Data provided -
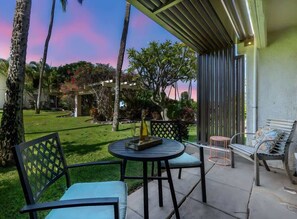 Une terrasse extérieure avec une table ronde et des chaises, un banc et une pergola.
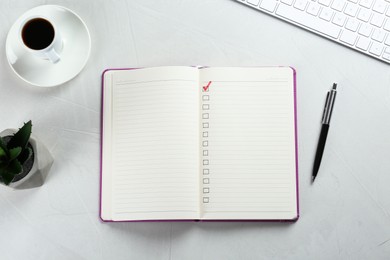 Photo of Notebook with checkboxes, cup of coffee and plant on white table, flat lay. Checklist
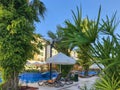 Gray deck chairs with an orange cushion by the pool with white umbrellas from the sun Royalty Free Stock Photo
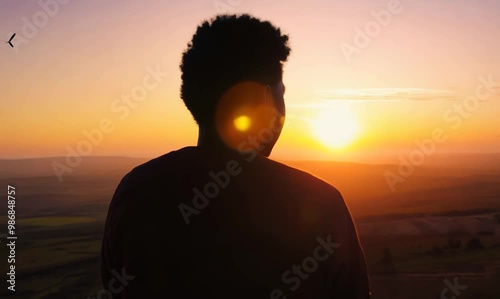 Contemplative Angolan Man by Panoramic Windows at Sunset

Exercise brief - Skipping the images, write out the whole listing exactly.

Solution for this exercise -
 Une terrasse extérieure avec une table ronde et des chaises, un banc et une pergola.
 Photo of Notebook with checkboxes, cup of coffee and plant on white table, flat lay. Checklist
 Gray deck chairs with an orange cushion by the pool with white umbrellas from the sun Royalty Free Stock Photo
 Contemplative Angolan Man by Panoramic Windows at Sunset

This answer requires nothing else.